Since the data must remain as supplied, reproduce it word for word.

Data for processing Start Marker

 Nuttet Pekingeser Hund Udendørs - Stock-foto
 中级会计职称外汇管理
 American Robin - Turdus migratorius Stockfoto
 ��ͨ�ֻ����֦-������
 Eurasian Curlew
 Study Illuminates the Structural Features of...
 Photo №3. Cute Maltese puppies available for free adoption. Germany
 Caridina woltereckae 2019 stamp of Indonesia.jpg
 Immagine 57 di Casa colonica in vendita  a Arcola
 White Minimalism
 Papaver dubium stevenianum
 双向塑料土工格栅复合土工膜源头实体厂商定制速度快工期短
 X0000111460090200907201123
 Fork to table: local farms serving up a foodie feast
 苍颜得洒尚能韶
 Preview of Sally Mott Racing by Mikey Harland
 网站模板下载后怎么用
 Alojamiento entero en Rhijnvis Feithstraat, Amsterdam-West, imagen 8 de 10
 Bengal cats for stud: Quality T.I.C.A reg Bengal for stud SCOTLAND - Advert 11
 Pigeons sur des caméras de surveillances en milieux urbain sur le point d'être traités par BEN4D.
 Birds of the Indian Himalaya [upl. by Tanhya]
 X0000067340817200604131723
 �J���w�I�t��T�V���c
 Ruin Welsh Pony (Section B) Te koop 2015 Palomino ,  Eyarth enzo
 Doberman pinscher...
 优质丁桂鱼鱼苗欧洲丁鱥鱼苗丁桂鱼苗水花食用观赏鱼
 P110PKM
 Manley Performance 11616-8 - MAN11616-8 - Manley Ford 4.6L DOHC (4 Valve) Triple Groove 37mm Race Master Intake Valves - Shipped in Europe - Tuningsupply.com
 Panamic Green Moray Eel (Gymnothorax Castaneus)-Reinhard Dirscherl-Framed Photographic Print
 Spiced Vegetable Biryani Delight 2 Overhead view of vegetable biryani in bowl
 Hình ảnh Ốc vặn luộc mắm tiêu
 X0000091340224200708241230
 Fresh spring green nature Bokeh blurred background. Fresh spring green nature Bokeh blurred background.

Data for processing End Marker

Answer space:
 Nuttet Pekingeser Hund Udendørs - Stock-foto
 中级会计职称外汇管理
 American Robin - Turdus migratorius Stockfoto
 ��ͨ�ֻ����֦-������
 Eurasian Curlew
 Study Illuminates the Structural Features of...
 Photo №3. Cute Maltese puppies available for free adoption. Germany
 Caridina woltereckae 2019 stamp of Indonesia.jpg
 Immagine 57 di Casa colonica in vendita  a Arcola
 White Minimalism
 Papaver dubium stevenianum
 双向塑料土工格栅复合土工膜源头实体厂商定制速度快工期短
 X0000111460090200907201123
 Fork to table: local farms serving up a foodie feast
 苍颜得洒尚能韶
 Preview of Sally Mott Racing by Mikey Harland
 网站模板下载后怎么用
 Alojamiento entero en Rhijnvis Feithstraat, Amsterdam-West, imagen 8 de 10
 Bengal cats for stud: Quality T.I.C.A reg Bengal for stud SCOTLAND - Advert 11
 Pigeons sur des caméras de surveillances en milieux urbain sur le point d'être traités par BEN4D.
 Birds of the Indian Himalaya [upl. by Tanhya]
 X0000067340817200604131723
 �J���w�I�t��T�V���c
 Ruin Welsh Pony (Section B) Te koop 2015 Palomino ,  Eyarth enzo
 Doberman pinscher...
 优质丁桂鱼鱼苗欧洲丁鱥鱼苗丁桂鱼苗水花食用观赏鱼
 P110PKM
 Manley Performance 11616-8 - MAN11616-8 - Manley Ford 4.6L DOHC (4 Valve) Triple Groove 37mm Race Master Intake Valves - Shipped in Europe - Tuningsupply.com
 Panamic Green Moray Eel (Gymnothorax Castaneus)-Reinhard Dirscherl-Framed Photographic Print
 Spiced Vegetable Biryani Delight 2 Overhead view of vegetable biryani in bowl
 Hình ảnh Ốc vặn luộc mắm tiêu
 X0000091340224200708241230
 Fresh spring green nature Bokeh blurred background. Fresh spring green nature Bokeh blurred background.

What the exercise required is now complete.